(Exercise data):
========================================
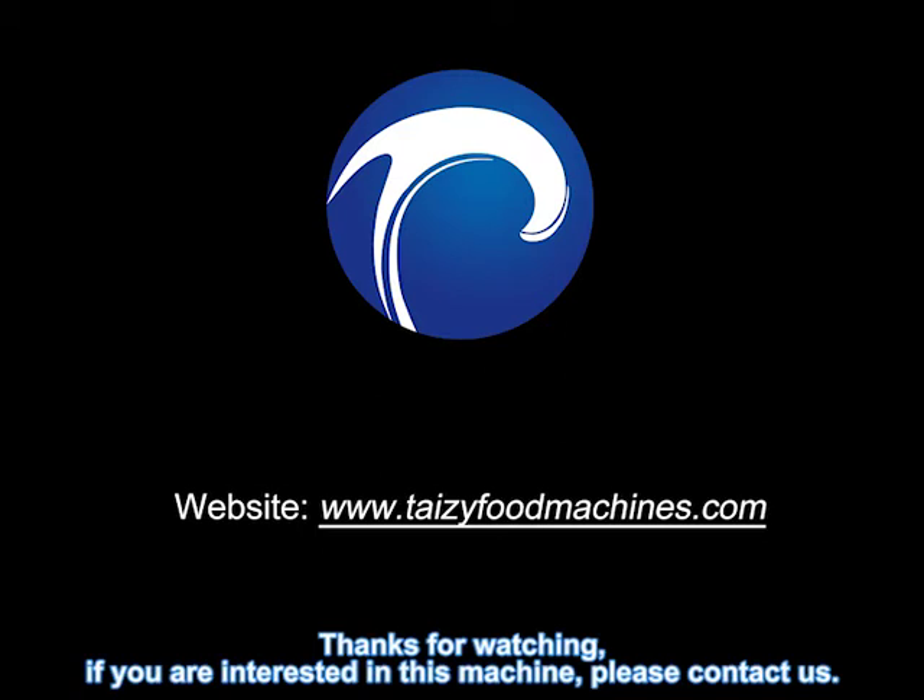Thanks for watching. If you are interested in this machine, please contact us.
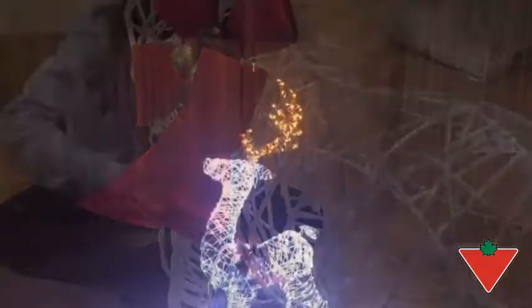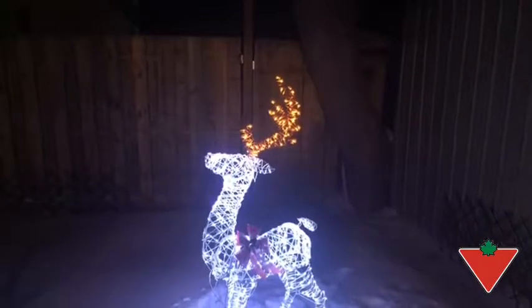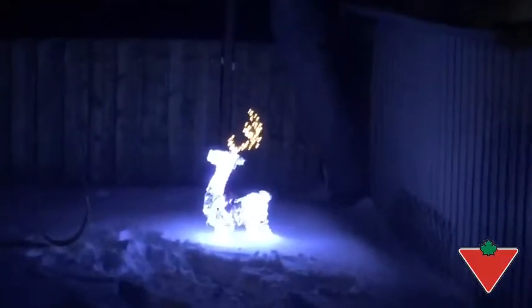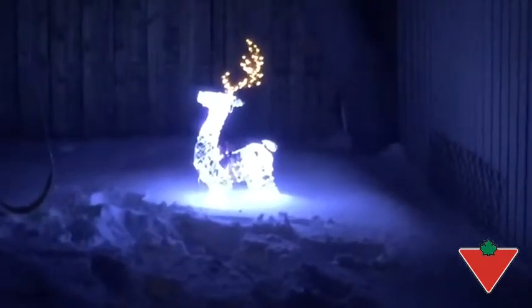The Canvas Microbrite Deer has withstood sleet, snow, minus 45 degrees with the wind chill, and freezing rain, and I would definitely recommend it.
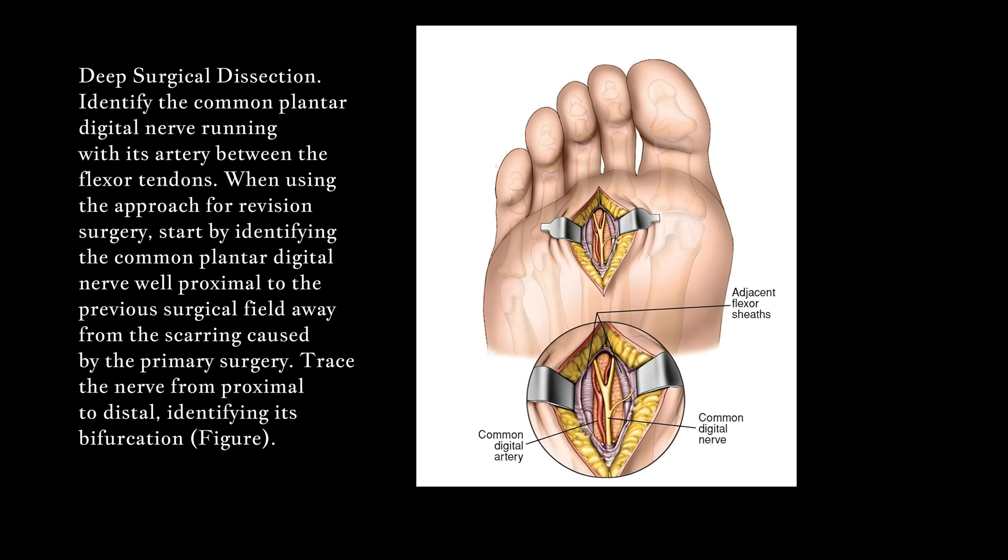Deep surgical dissection: Identify the common plantar digital nerve running with its artery between the flexor tendons. When using the approach for revision surgery, start by identifying the common plantar digital nerve well proximal to the previous surgical field, away from the scarring caused by the primary surgery. Trace the nerve from proximal to distal, identifying its bifurcation.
========================================
(What to produce): Could you write out the whole listing exactly, skipping every picture?

(Answer box):
Thanks for watching. If you are interested in this machine, please contact us.
The Canvas Microbrite Deer has withstood sleet, snow, minus 45 degrees with the wind chill, and freezing rain, and I would definitely recommend it.
Deep surgical dissection: Identify the common plantar digital nerve running with its artery between the flexor tendons. When using the approach for revision surgery, start by identifying the common plantar digital nerve well proximal to the previous surgical field, away from the scarring caused by the primary surgery. Trace the nerve from proximal to distal, identifying its bifurcation.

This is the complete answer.